:: About this task ::
Look below for the line with "Melitta Espresso- Kaffeevollautomat Caffeo Solo Schwarz 7" and the line with "gmc sierra 2021 1gtr9cedxmz304996". Copy exactly those two lines and every line between, but not the pictures.
# # #
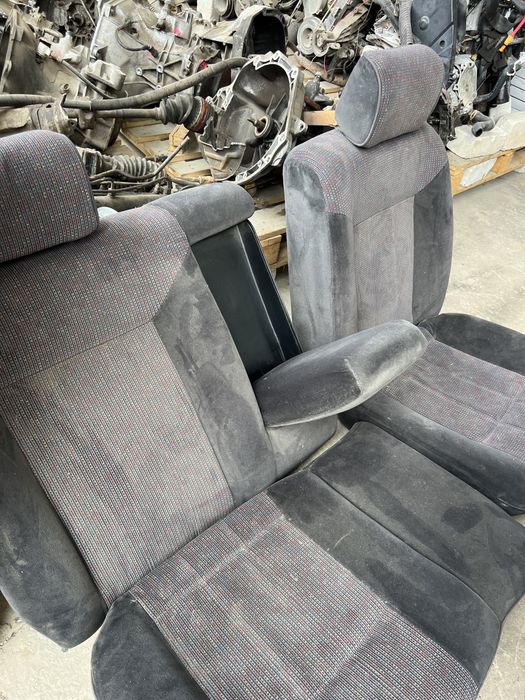 Сиденья Пассат универсал приввзной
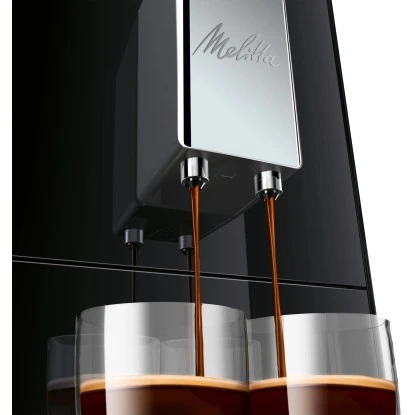Melitta Espresso- Kaffeevollautomat Caffeo Solo Schwarz 7 Melitta Espresso- Kaffeevollautomat Caffeo Solo Schwarz – Bild 5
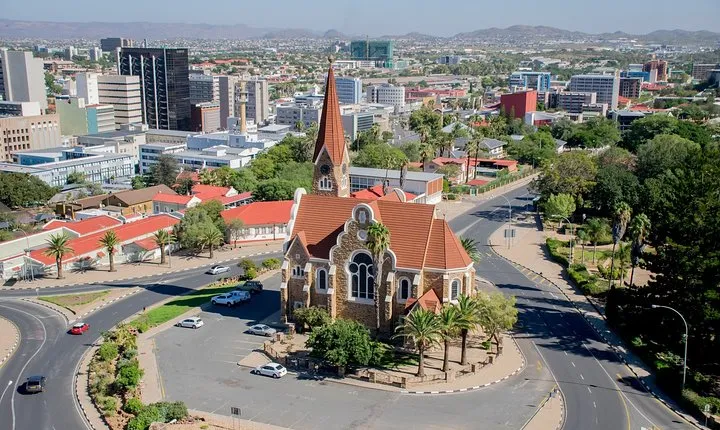 Windhoek Discovery: Private Day Tour of History, Culture & Crafts
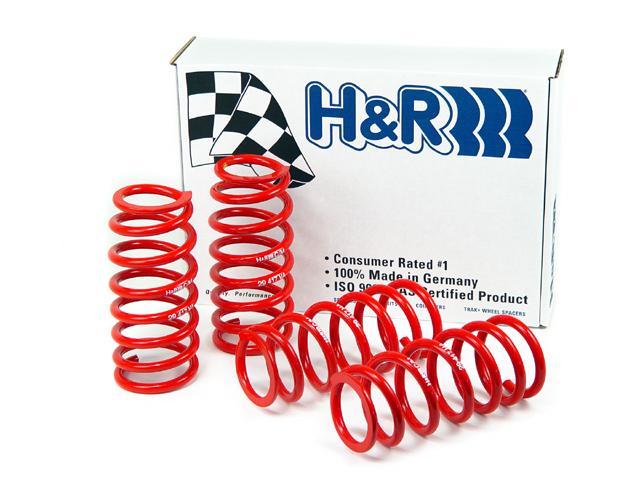 H&R Suspension Sport Spring Kit (2000-2009 S2000) - 51820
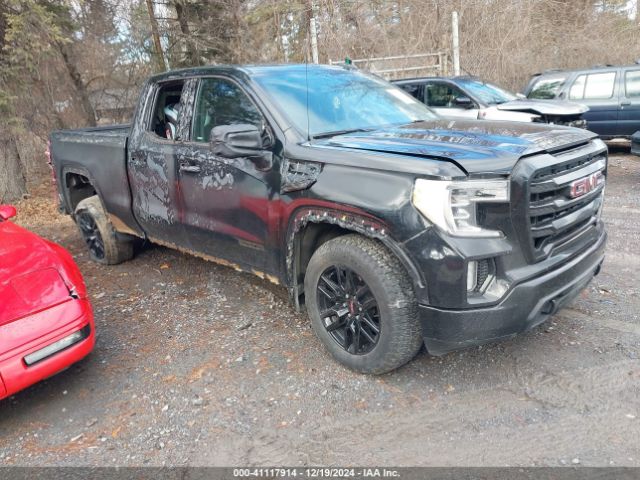 gmc sierra 2021 1gtr9cedxmz304996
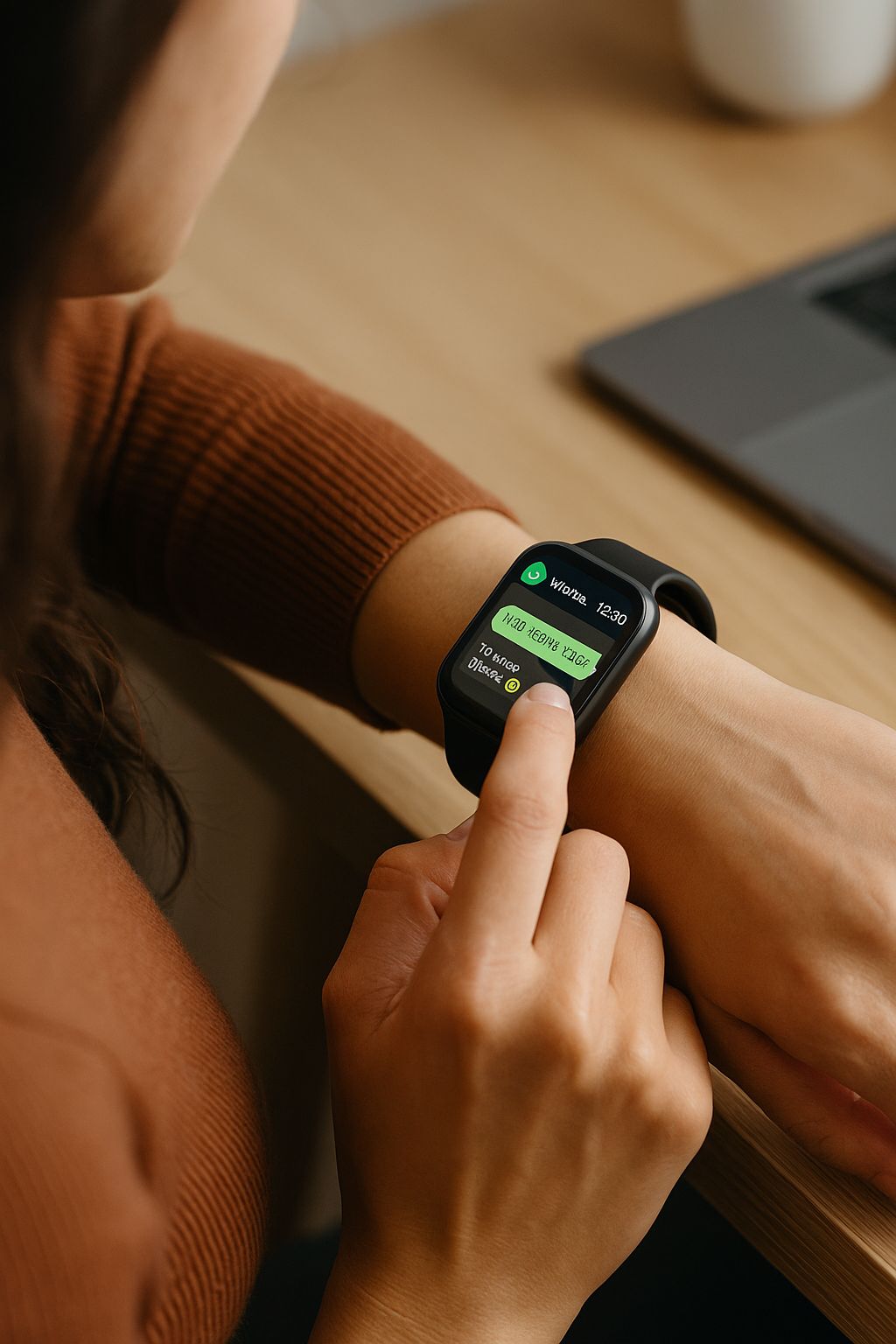 WATCH ANDROID 5G VP29 PRO PLUS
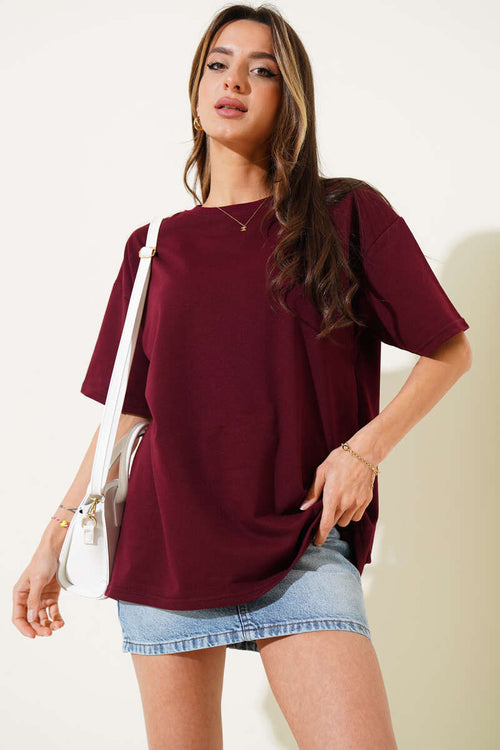 Basic Oversize T-shirt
# # #
:: Exercise solution ::
Melitta Espresso- Kaffeevollautomat Caffeo Solo Schwarz 7 Melitta Espresso- Kaffeevollautomat Caffeo Solo Schwarz – Bild 5
 Windhoek Discovery: Private Day Tour of History, Culture & Crafts
 H&R Suspension Sport Spring Kit (2000-2009 S2000) - 51820
 gmc sierra 2021 1gtr9cedxmz304996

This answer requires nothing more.